WHAT IS NEEDED: Every line of the material is to be quoted verbatim, minus the pictures.

DATA EXTRACT:
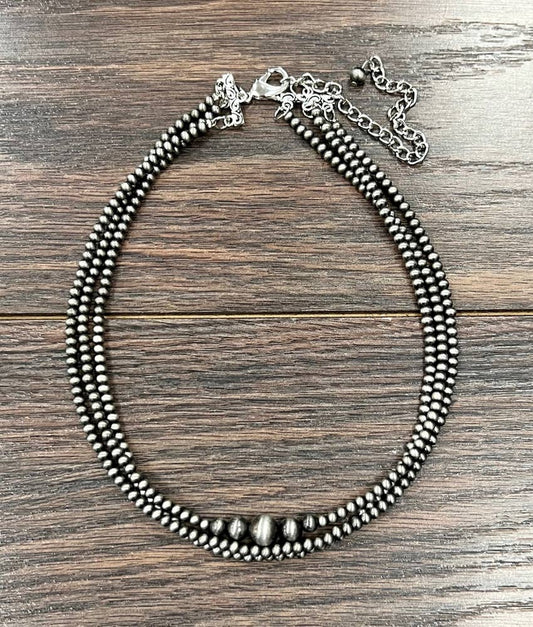735895, Handmade 15" Navajo Bead Necklace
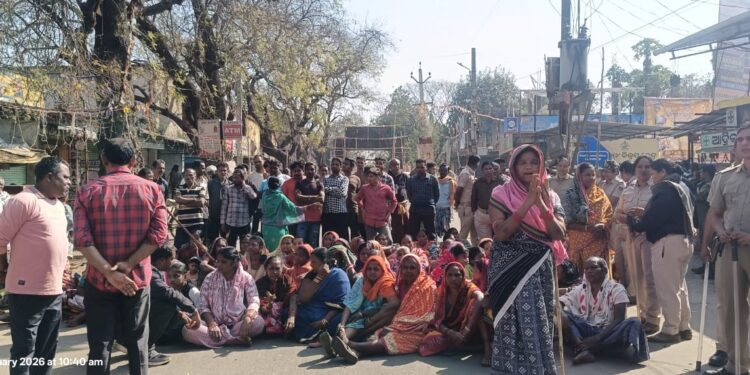 ପାଟଣାଗଡ ସହରରେ OPD ସେବା ଦାବିରେ 12 ଘଣ୍ଟିଆ ବନ୍ଦ |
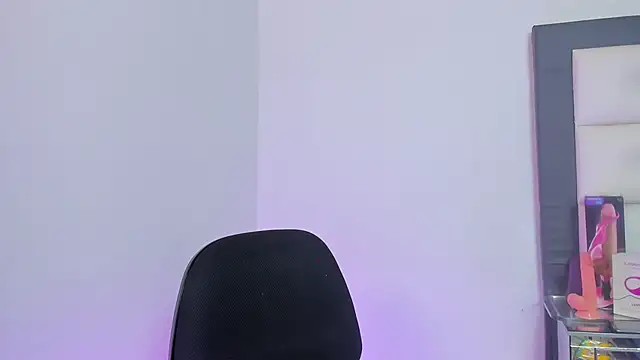 Snapshot of SammyGirlTS chatting on 02/12/25, 07:34 SammyGirlTS online show from 02/12/25, 07:34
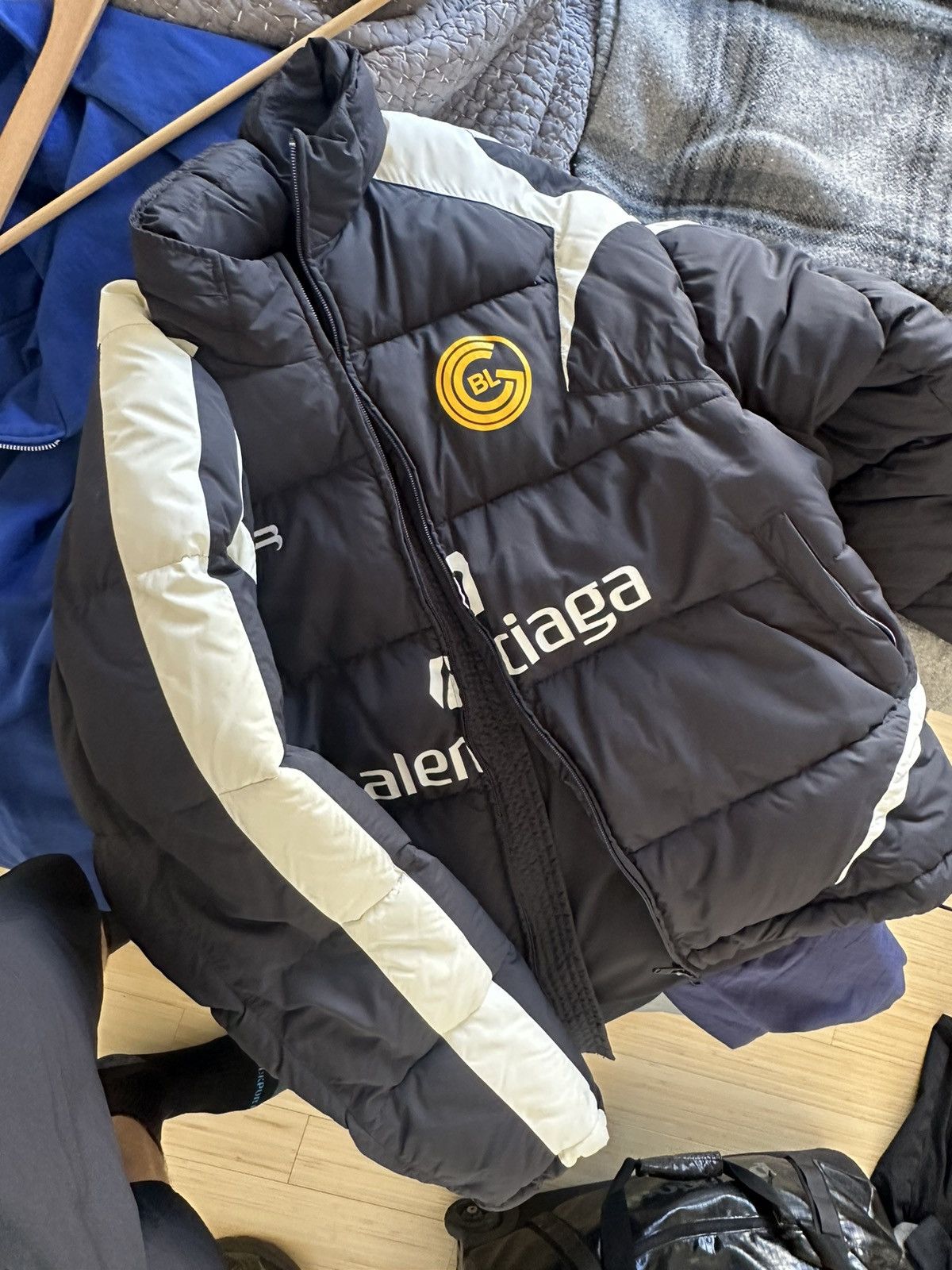 Balenciaga balenciaga oversized puffer coat size 46 Size US S / EU 44-46 / 1 - 10 Thumbnail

RESPONSE AREA:
735895, Handmade 15" Navajo Bead Necklace
 ପାଟଣାଗଡ ସହରରେ OPD ସେବା ଦାବିରେ 12 ଘଣ୍ଟିଆ ବନ୍ଦ |
 Snapshot of SammyGirlTS chatting on 02/12/25, 07:34 SammyGirlTS online show from 02/12/25, 07:34
 Balenciaga balenciaga oversized puffer coat size 46 Size US S / EU 44-46 / 1 - 10 Thumbnail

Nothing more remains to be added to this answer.